I need the lines from the one containing "John Hardy Sterling" through the last line of the entries retyped exactly, with no pictures among them.

• • • • •

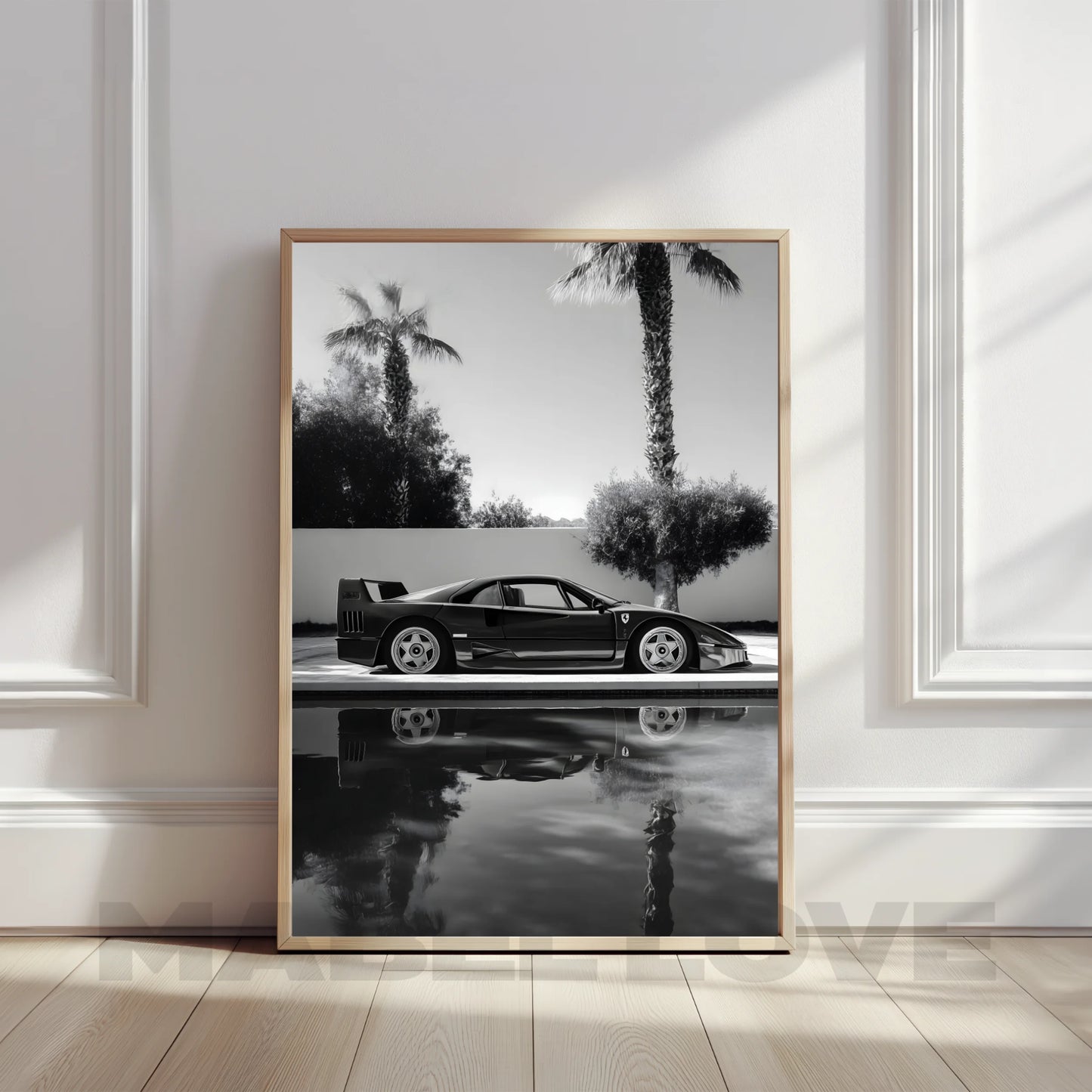 Fast & Feminine — Ferrari B&W Wall Art Print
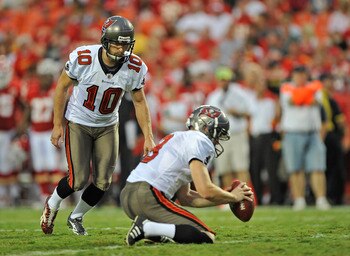 KANSAS CITY, MO - AUGUST 12:  Kicker Connor Barth #10 of the Tampa Bay Buccaneers in action during a game against the Kansas City Chiefs on August 12, 2011 at Arrowhead Stadium in Kansas City, Missouri.  (Photo by Peter Aiken/Getty Images)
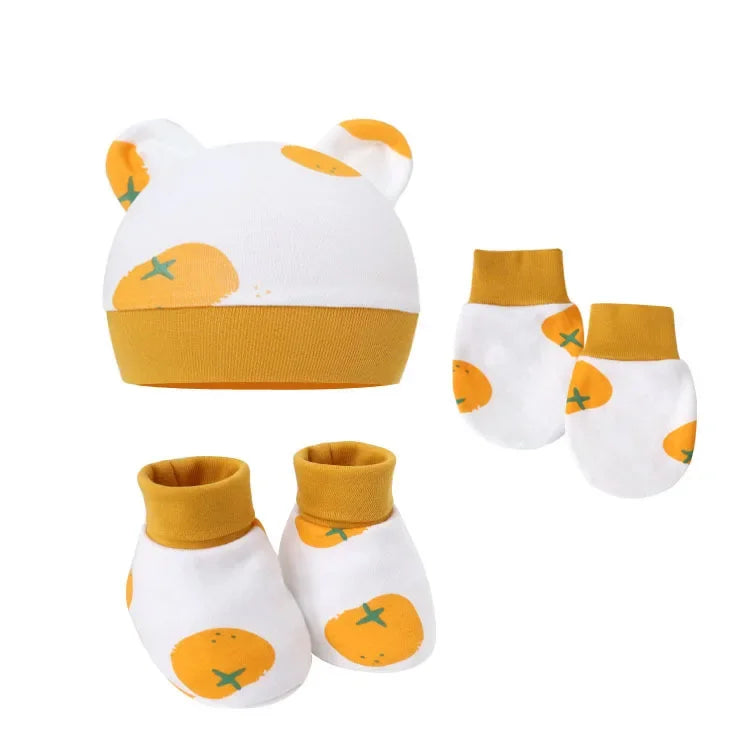 5pcs Baby Cartoon Anti-scratch Gloves Hat Foot Cover Set Handguard Cotton Mittens Beanie Socks Kit for Infant Newborn Headwear-Dollar Bargains Online Shopping Australia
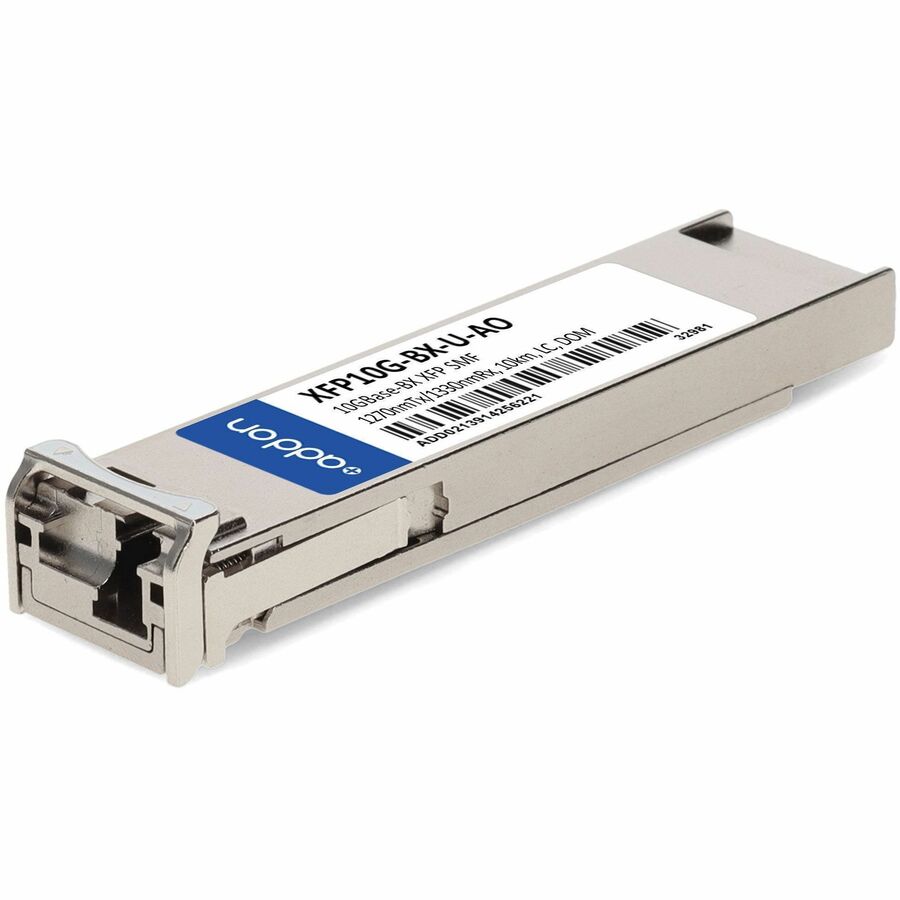 AddOn MSA and TAA Compliant 10GBase-BX XFP Transceiver (SMF, 1270nmTx/1330nmRx, 10km, LC, DOM) - 100% compatible and guaranteed to work - XFP-10G-BX-U-AO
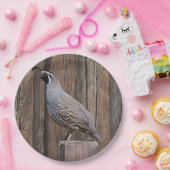 CALIFORNIA QUAIL OP BARNBOARD PAPIEREN BORDJE (Feest)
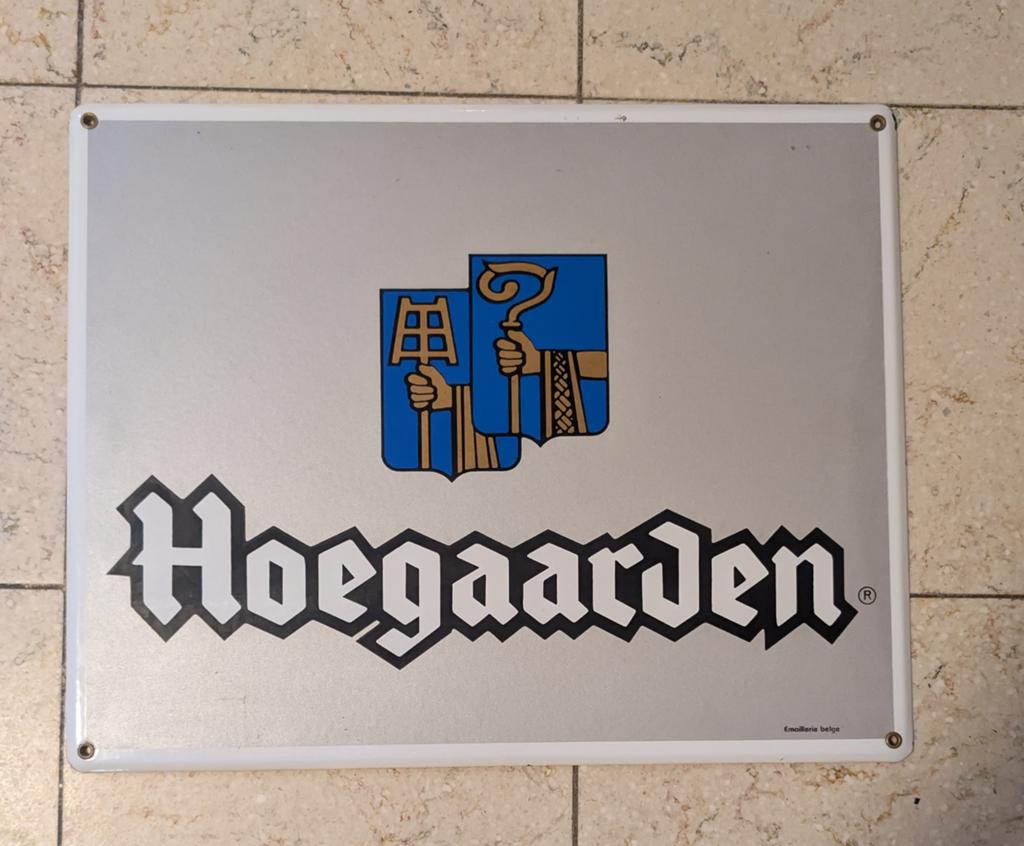 XL Emaille Hoegaarden, Antiek en Kunst, Ophalen of Verzenden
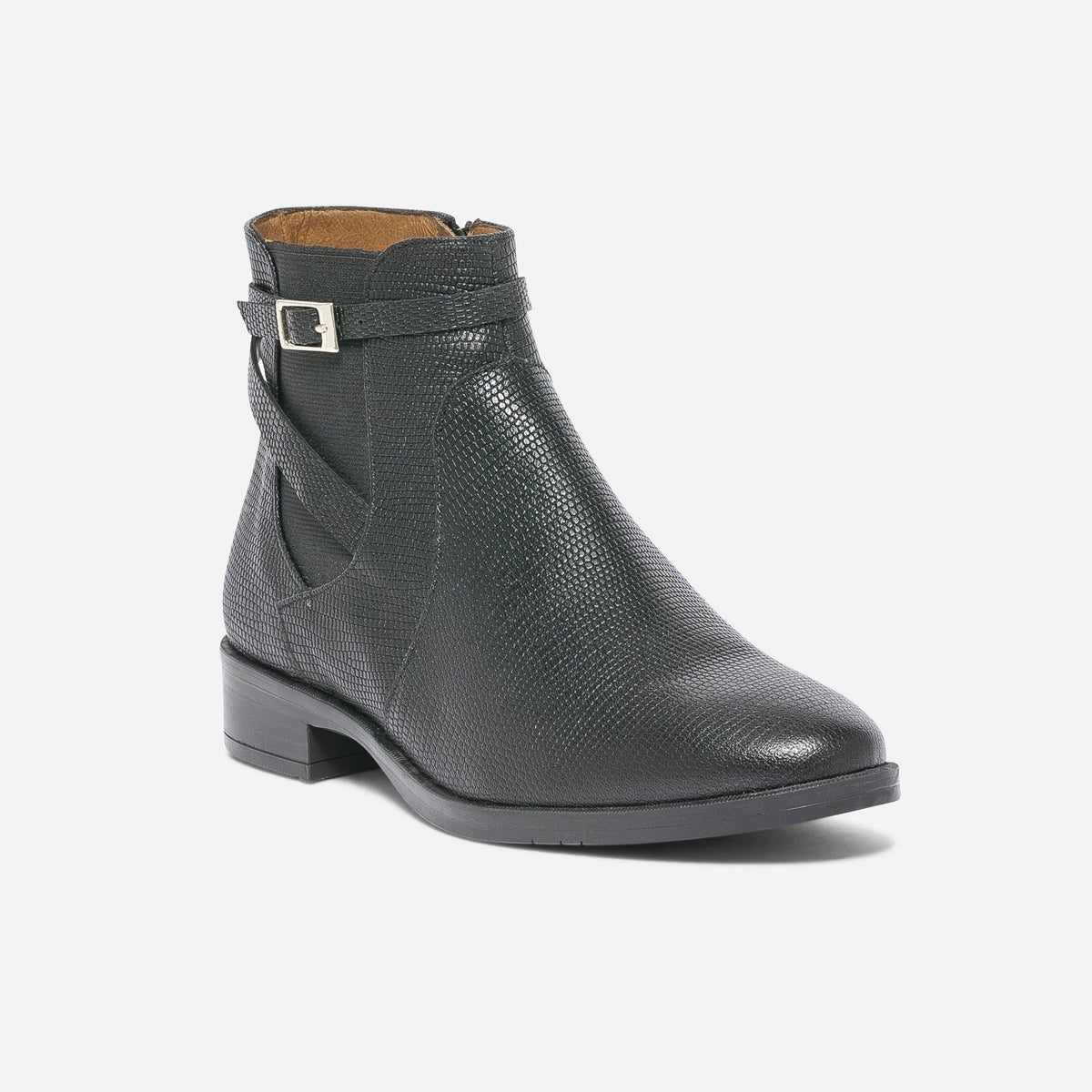 Chelsea boots ERAM FLEX noir cuir embossé à bride - 2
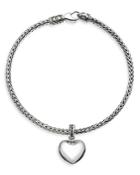 John Hardy Sterling Silver Classic Chain Heart Charm Mini Chain Bracelet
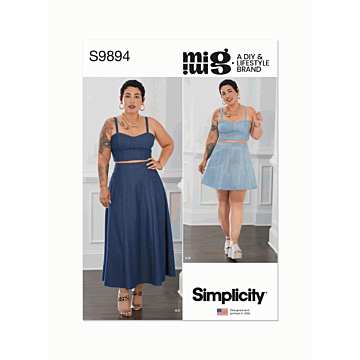 Simplicity Sewing Pattern 9894 (BB) Top & Skirt By Mimi G Style  20W-28W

• • • • •

EXPECTED ANSWER:
 John Hardy Sterling Silver Classic Chain Heart Charm Mini Chain Bracelet
 Simplicity Sewing Pattern 9894 (BB) Top & Skirt By Mimi G Style  20W-28W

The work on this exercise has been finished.